Object detection pipeline¶
This example shows a basic pipeline that performs object detection on a fragment of video and then proposes a method for evaluation of different detectors.
Contents:
A minimal object detection pipeline.
A pipeline for evaluating model performance (mAP) and execution time.
Model selection.
[1]:
%load_ext autoreload
%autoreload 2
[2]:
from videoanalytics.pipeline import Pipeline
from videoanalytics.pipeline.sources import VideoReader
from videoanalytics.pipeline.sinks import VideoWriter
A minimal object detection pipeline¶
Configuration¶
Input and output video¶
We will be using the same video as in the previous examples. Note: the video used in this example was downloaded from youtube.
[3]:
DATA_PATH = "../data/"
# Input
INPUT_VIDEO = DATA_PATH+"/input/test_video.mp4"
START_FRAME = 0
MAX_FRAMES = 100
[4]:
%%HTML
<div style="text-align: center">
<video width="600" height="400" controls>
<source src="../data/input/test_video.mp4" type="video/mp4">
</video>
</div>
[5]:
# Output
OUTPUT_VIDEO = DATA_PATH+ "/output/test_output.avi"

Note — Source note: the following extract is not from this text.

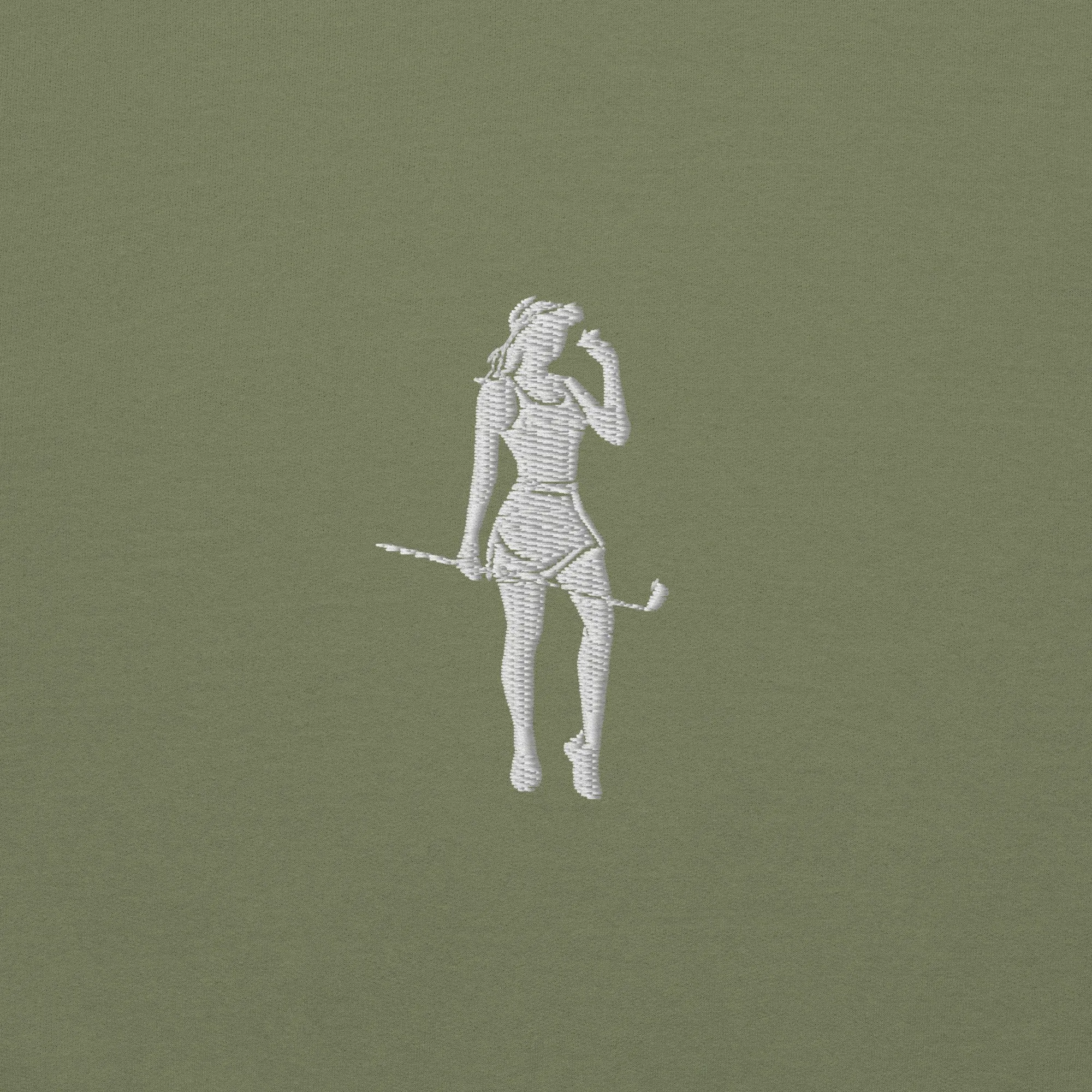 Female Cigar Golfer Embroidered Sweatshirt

Configuration of object detection components¶
Object detection needs a trained model. For this example we will be using a tensorflow implementation of YOLOv4 for which the weights shall be provided as a checkpoint/frozen graph.
To visualize bounding boxes, a text file with the names of the classes is also provided. Also, detected bounding boxes are stored in a CSV for later analysis or to work with other algorithms such as SORT.
[6]:
# Specific components for object detection
from videoanalytics.pipeline.sinks.object_detection import DetectionsAnnotator, DetectionsCSVWriter
from videoanalytics.pipeline.sinks.object_detection.yolo4 import YOLOv4DetectorTF
[7]:
# Detector
# Object Detector model weights (Tensorflow)
DETECTOR_WEIGHTS_FILENAME = DATA_PATH+ "object_detection/checkpoints/yolov4-416-tf"
#DETECTOR_WEIGHTS_FILENAME = DATA_PATH+ "object_detection/checkpoints/yolov4-tiny-416"
# Classes names for Detections Annotator
DETECTOR_CLASSES_FILENAME = DATA_PATH+"object_detection/classes_definitions/coco.txt"
# CSV with Detections filename
DETECTIONS_FILENAME = DATA_PATH+"/output/detections.csv"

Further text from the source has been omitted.